- **Task to complete**: An exact copy of the lines from the one containing "Propolis and Mint" through the final line of the records is the only acceptable answer.
=== Information provided ===
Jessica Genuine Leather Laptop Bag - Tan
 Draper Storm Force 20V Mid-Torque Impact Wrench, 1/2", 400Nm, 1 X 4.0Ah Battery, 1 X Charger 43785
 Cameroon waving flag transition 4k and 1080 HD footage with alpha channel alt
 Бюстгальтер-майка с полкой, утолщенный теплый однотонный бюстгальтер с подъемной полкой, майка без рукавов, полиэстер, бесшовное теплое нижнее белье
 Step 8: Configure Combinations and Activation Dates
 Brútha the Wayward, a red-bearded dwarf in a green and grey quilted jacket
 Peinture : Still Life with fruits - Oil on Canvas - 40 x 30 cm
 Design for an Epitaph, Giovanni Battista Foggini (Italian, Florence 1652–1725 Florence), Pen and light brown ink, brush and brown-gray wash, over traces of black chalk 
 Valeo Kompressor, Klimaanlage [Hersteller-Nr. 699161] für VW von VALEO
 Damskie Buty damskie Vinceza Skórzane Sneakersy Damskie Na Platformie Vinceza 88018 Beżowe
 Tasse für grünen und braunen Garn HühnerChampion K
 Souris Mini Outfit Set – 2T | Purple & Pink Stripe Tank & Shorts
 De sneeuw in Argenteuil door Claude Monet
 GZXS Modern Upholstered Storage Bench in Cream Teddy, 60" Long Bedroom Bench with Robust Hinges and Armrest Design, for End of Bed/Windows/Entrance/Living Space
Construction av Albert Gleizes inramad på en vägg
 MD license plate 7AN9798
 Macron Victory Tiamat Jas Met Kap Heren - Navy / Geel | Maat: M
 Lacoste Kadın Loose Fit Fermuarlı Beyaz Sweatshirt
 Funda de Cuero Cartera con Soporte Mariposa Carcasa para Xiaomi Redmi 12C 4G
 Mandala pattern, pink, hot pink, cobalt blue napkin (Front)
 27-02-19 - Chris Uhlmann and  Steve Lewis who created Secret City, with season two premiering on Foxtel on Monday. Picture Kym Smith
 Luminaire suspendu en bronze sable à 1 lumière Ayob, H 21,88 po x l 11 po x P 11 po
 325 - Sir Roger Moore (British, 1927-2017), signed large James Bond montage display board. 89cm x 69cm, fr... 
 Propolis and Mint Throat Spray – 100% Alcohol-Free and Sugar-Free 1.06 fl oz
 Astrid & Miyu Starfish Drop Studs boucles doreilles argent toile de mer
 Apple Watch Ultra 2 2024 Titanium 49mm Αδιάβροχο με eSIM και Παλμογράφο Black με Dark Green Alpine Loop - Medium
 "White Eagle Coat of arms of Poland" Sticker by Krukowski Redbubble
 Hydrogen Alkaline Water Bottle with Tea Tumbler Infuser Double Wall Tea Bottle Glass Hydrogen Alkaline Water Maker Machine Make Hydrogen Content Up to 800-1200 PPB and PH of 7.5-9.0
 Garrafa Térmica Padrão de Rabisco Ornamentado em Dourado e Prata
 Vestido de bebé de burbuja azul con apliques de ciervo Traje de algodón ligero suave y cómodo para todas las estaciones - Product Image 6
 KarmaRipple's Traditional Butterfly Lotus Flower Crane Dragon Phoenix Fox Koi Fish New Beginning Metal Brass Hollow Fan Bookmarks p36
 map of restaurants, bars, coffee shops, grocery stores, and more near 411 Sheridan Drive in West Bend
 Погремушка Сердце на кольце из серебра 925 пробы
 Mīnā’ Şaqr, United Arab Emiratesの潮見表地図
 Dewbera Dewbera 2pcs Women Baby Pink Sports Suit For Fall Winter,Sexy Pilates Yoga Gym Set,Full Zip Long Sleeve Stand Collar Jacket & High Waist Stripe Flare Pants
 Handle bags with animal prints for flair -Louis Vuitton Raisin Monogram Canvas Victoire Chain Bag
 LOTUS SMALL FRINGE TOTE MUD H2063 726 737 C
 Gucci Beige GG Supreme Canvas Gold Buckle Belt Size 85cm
===
- **Finished task**:
 Propolis and Mint Throat Spray – 100% Alcohol-Free and Sugar-Free 1.06 fl oz
 Astrid & Miyu Starfish Drop Studs boucles doreilles argent toile de mer
 Apple Watch Ultra 2 2024 Titanium 49mm Αδιάβροχο με eSIM και Παλμογράφο Black με Dark Green Alpine Loop - Medium
 "White Eagle Coat of arms of Poland" Sticker by Krukowski Redbubble
 Hydrogen Alkaline Water Bottle with Tea Tumbler Infuser Double Wall Tea Bottle Glass Hydrogen Alkaline Water Maker Machine Make Hydrogen Content Up to 800-1200 PPB and PH of 7.5-9.0
 Garrafa Térmica Padrão de Rabisco Ornamentado em Dourado e Prata
 Vestido de bebé de burbuja azul con apliques de ciervo Traje de algodón ligero suave y cómodo para todas las estaciones - Product Image 6
 KarmaRipple's Traditional Butterfly Lotus Flower Crane Dragon Phoenix Fox Koi Fish New Beginning Metal Brass Hollow Fan Bookmarks p36
 map of restaurants, bars, coffee shops, grocery stores, and more near 411 Sheridan Drive in West Bend
 Погремушка Сердце на кольце из серебра 925 пробы
 Mīnā’ Şaqr, United Arab Emiratesの潮見表地図
 Dewbera Dewbera 2pcs Women Baby Pink Sports Suit For Fall Winter,Sexy Pilates Yoga Gym Set,Full Zip Long Sleeve Stand Collar Jacket & High Waist Stripe Flare Pants
 Handle bags with animal prints for flair -Louis Vuitton Raisin Monogram Canvas Victoire Chain Bag
 LOTUS SMALL FRINGE TOTE MUD H2063 726 737 C
 Gucci Beige GG Supreme Canvas Gold Buckle Belt Size 85cm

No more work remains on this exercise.